A brasa ia lentamente cozinhando a carne, exposta para milhares de pessoas, em meio a barracas e tendas levantadas em frente ao quartel-general do Exército.
“Tá disponível. O pessoal do agro, todinho para vocês. Café da manhã, almoço, à tarde. Tá à disposição. Chegou um caminhão agora. Café da manhã, água, tudo vocês podem pegar lá, à vontade, o que vocês quiserem”, disse um produtor rural ao caminhoneiro Zé Maria, que carrega grãos de Mato Grosso para o resto do país.
Zé Maria agradeceu e, à Folha de S.Paulo, disse na ocasião que estava emocionado com o movimento.
“Depende de nós. Seis meses do ladrão no governo e o Brasil vira uma Argentina e, mais um tiquinho, a Venezuela.”
Os fartos churrascos, de graça e bancados por empresários, chamavam quase todo o público para se servir. As filas cortavam em duas a Praça dos Cristais, em frente ao QG. O negócio, custoso, não durou muito tempo.
À medida que os grandes empresários deixavam de enviar comida para o acampamento no QG do Exército, ao longo de novembro e dezembro, crescia a relevância da cozinha controlada por Abdalla.
Com dois fogões industriais enferrujados, ligados a um gato de energia, e um estoque de alimentos exposto debaixo da tenda, o espaço se tornou o principal fornecedor de comida para os bolsonaristas radicais acampados.
A maior parte dos recursos era obtida por meio de Pix, e as três refeições diárias eram gratuitas. A chave para a transferência era o CPF do próprio Abdalla, número que circulava em grupos de WhatsApp e entre os bolsonaristas hospedados na Praça dos Cristais.
Militares consultados pela reportagem contam que Abdalla era um dos interlocutores da Força com o movimento. Vez ou outra, fardados conversavam com o cuiabano para entender o clima do acampamento.
Foi numa dessas conversas que, pela primeira vez, se ouviu que Abdalla e outros membros da organização dos atos golpistas faziam parte de um grupo apelidado internamente de a “máfia do Pix”.
“Nós já tínhamos denúncia a respeito da ‘máfia do Pix’, que eram […] iam, o tempo inteiro, pedindo para as pessoas que estavam ali que fizessem Pix, exatamente com a intenção de manter o acampamento”, disse em depoimento o coronel Jorge Naime, da Polícia Militar do DF.
Preso pelos atos de 8 de janeiro, Naime ainda contou que dois grupos discutiam antes da invasão às sedes dos Poderes se deveriam descer à Esplanada dos Ministérios ou permanecer em protesto em frente ao QG do Exército.

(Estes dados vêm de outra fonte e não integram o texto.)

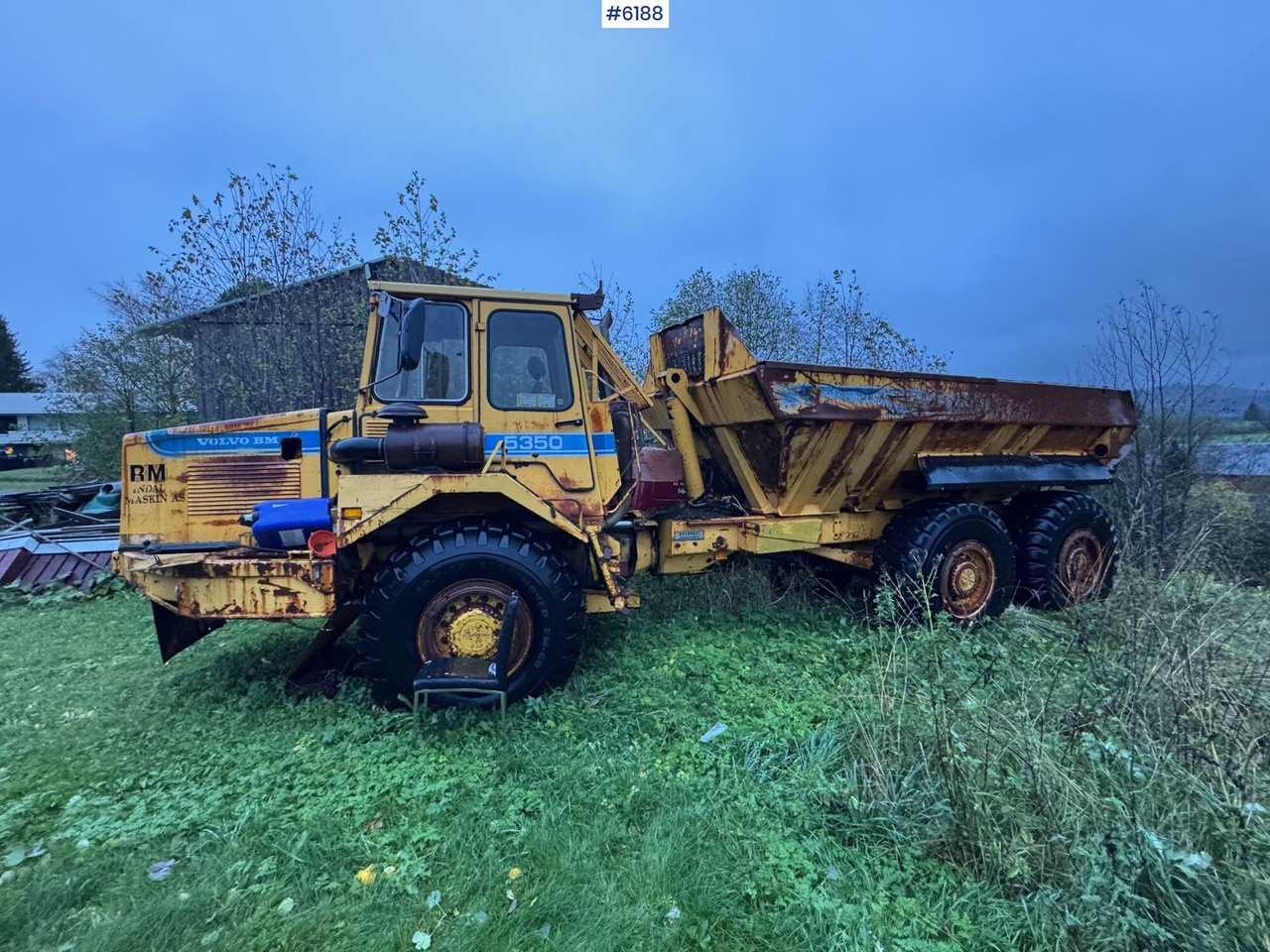 1985 Volvo BM 5350B 6x6 dumper - מסיר פסולת מפרקי: תמונה 2 1985 Volvo BM 5350B 6x6 dumper - מסיר פסולת מפרקי: תמונה 2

“E a discussão dos que queriam descer contra os que queriam ficar na frente do quartel era exatamente essa questão do Pix. Chegaram a se acusar, no meio da reunião lá, que a pessoa queria ficar no acampamento porque ela queria ficar fazendo pedido de Pix.”
Naime não citou o nome de quem seriam os integrantes da “máfia do Pix” no depoimento.
A Polícia Federal realizou buscas nos endereços de Abdalla no fim de janeiro para investigar a origem dos recursos usados por ele para manter a cozinha em funcionamento.
Após os atos de 8 de janeiro, Abdalla deixou o acampamento em frente ao Quartel-General.
Parte de seus equipamentos de cozinha foi recolhida por militares do Exército na manhã do dia seguinte e incluídos em um inventário guardado no Comando Militar do Planalto. Ninguém voltou para buscar.
Abdalla foi alvo de duas ordens de prisão do STF (Supremo Tribunal Federal) pela organização do acampamento no QG do Exército.
O Tribunal de Justiça do Distrito Federal, responsável pela execução das penas, não soube informar se o suspeito está preso ou foragido.
A assessoria do STF também não esclareceu a situação do cuiabano porque o inquérito está sob sigilo.
A reportagem tentou, sem sucesso, contato com o advogado de Abdalla.